On commence par une introduction qui ressemble à une très mauvaise sitcom lambda, description d'une vie de famille de banlieue de San Francisco dépourvue d'intérêt, père de famille bienveillant (William Devane, avec son sourire toujours aussi carnassier) qui discute gentiment avec les voisins et leur fils handicapé sur le chemin du boulot, mère de famille au foyer (Jane Alexander, qui portera le film sur ses épaules) s'occupant des enfants et de différentes tâche ménagères... Bienvenue dans les conventions hollywoodiennes des années 1980. Et puis tout dérape.
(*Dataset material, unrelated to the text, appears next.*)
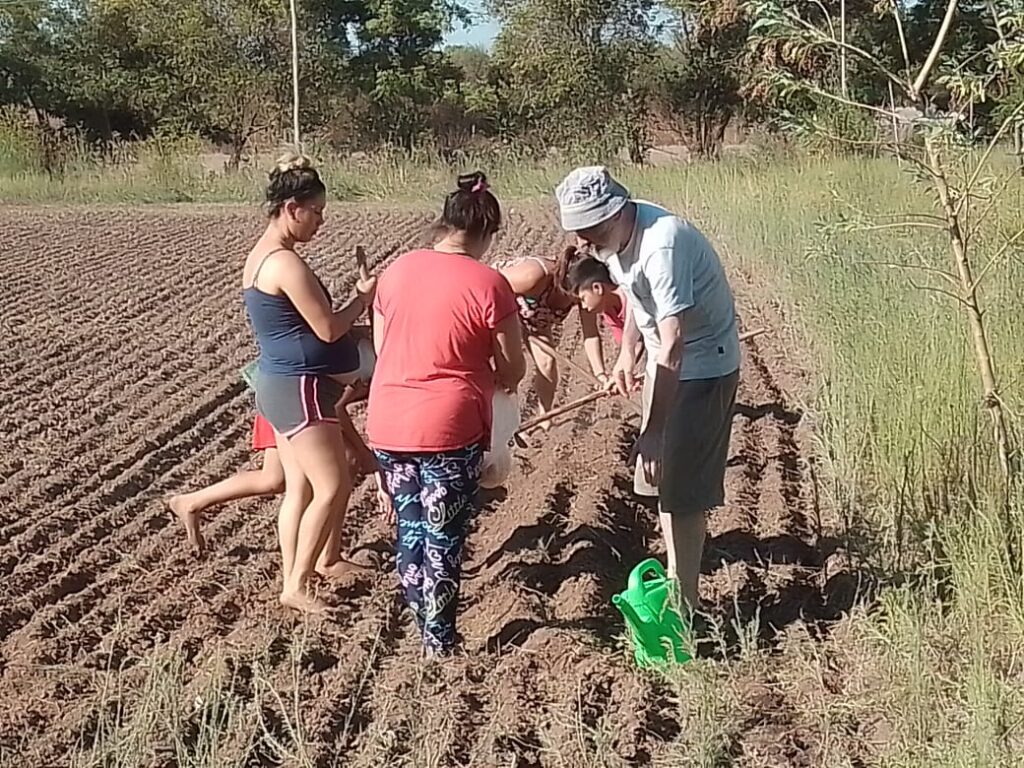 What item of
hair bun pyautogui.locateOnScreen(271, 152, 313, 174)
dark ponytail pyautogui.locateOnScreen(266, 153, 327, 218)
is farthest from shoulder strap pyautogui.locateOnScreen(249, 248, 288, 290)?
hair bun pyautogui.locateOnScreen(271, 152, 313, 174)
C'est par un petit écran de télé que la nouvelle arrive, perte de communication avec les grandes villes, probable attaque généralisée sur le sol des USA, et puis... le souffle et les éclairs d'une explosion nucléaire. Très sobre, mais très inquiétant.
Et voilà le film lancé sur les rails du survival post-apo qui n'y ressemble absolument pas. Après l'explosion, tout a l'air normal, mais les effets radioactifs commencent à se faire sentir, on voit même Kevin Costner dans un rôle insignifiant se plaindre. Et la violence arrive sans annonce, ce sont les enfants qui tombent en premier, et l'ampleur du désastre prend des proportions exponentielles. Cimetières pleins, incertitude totale, sentiment de perdition... Chronique d'une lente descente aux enfers, dans un registre connexe de "Threads" ou "The Day After" qui reflète l'angoisse géopolitique de son époque. "Testament" cède régulièrement à des automatismes d'écriture grossiers sur le terrain du mélodrame familial poussif, mais la thématique de l'attente de la mort et de la solitude face à la catastrophe reste très surprenante.